Egyptian military court seeks death penalty over alleged Sisi assassination plot
An Egyptian military court sentenced eight people to death on Monday over an alleged plot to assassinate President Abdel Fattah el-Sisi and former Saudi Crown Prince Mohamed bin Nayef, according to local media.
According to the Egyptian daily Akhbar al-Youm, 292 defendants are facing trial in the same case, 151 of whom are currently in jail. The rest have been tried in absentia, including the eight who were handed death sentences.
The charges against the 292 defendants include the formation of terrorist cells and involvement in a number of terrorist operations, including two assassination attempts on Sisi in Egypt and Saudi Arabia.
Of the eight defendants, six are police officers who, according to a court statement, plotted to assassinate Sisi in Egypt by targeting his motorcades.
The two other defendants are Egyptian hotel workers in Saudi Arabia who allegedly plotted in 2014 to assassinate Sisi and bin Nayef during Sisi’s visit to Mecca that year - marking his first visit to his Saudi allies after he became president that same year.
A final court hearing is scheduled for 6 March, pending the ratification of the mufti, the highest religious authority, whose non-binding opinion is required before a final death penalty verdict is confirmed by court.

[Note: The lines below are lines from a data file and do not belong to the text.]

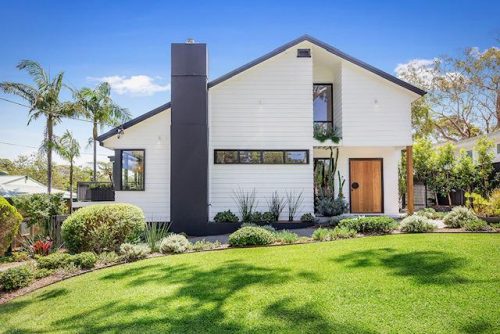 facade garden established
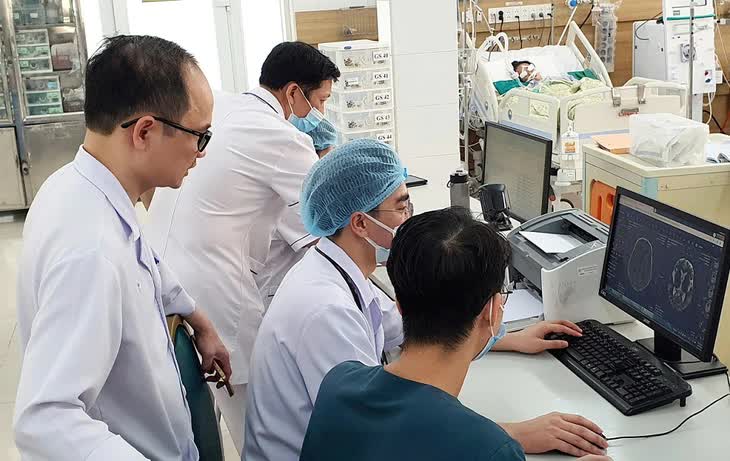 Thêm bệnh nhân nguy kịch vì uống nước kiềm- Ảnh 2.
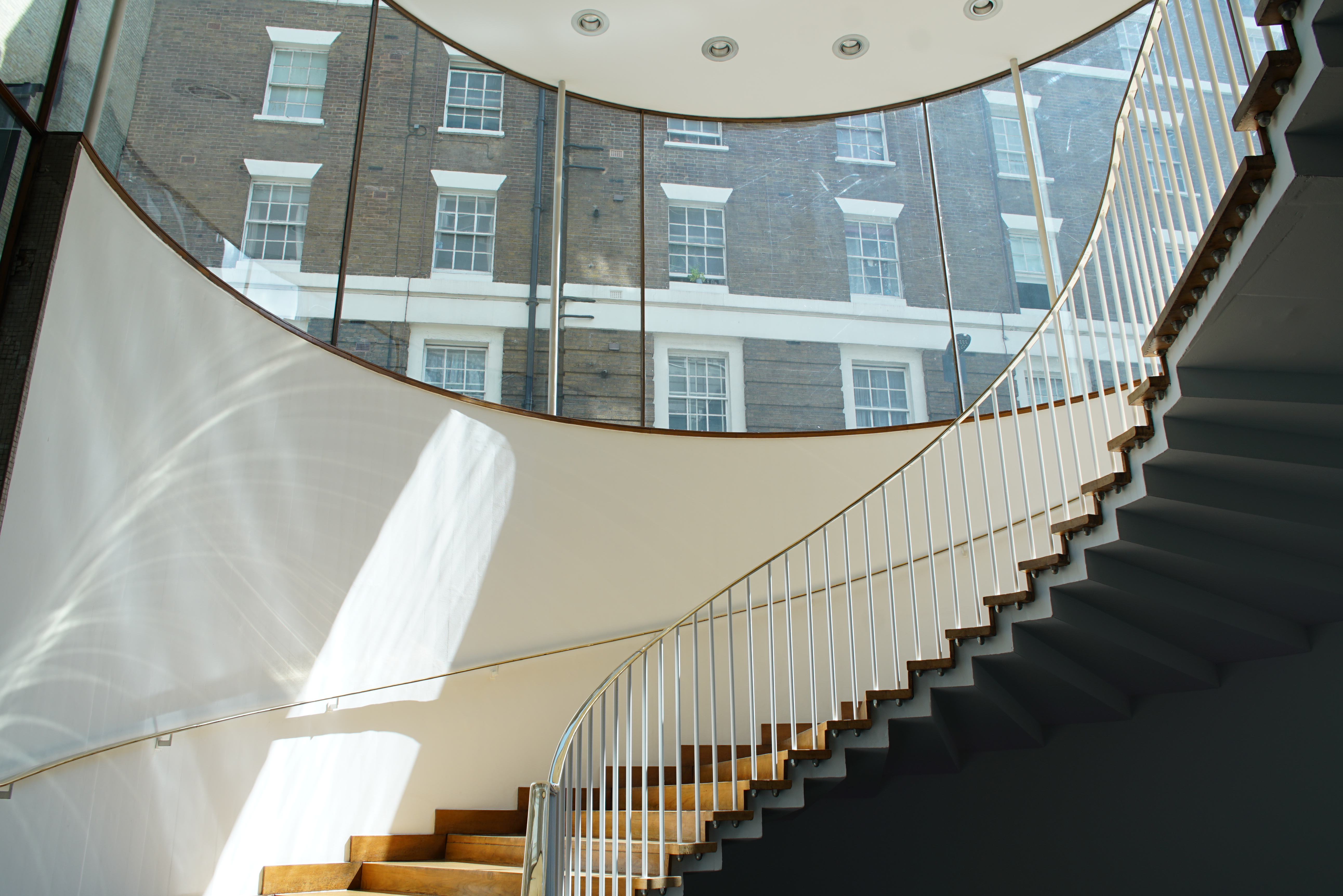 Foyer - xtjb34jw5b3.JPG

Defendants have a right to appeal the sentence before a military court.
Egyptian civil and military courts have sentenced more than 1,400 people to death since Sisi’s ouster of his predecessor Mohammed Morsi in a military coup in 2013.
The sentences, according to Amnesty International, followed “grossly unfair trials” that relied on confessions extracted under torture. Most of those sentenced to death have been either members of the Muslim Brotherhood - from which Morsi hailed - or critics of the Sisi government.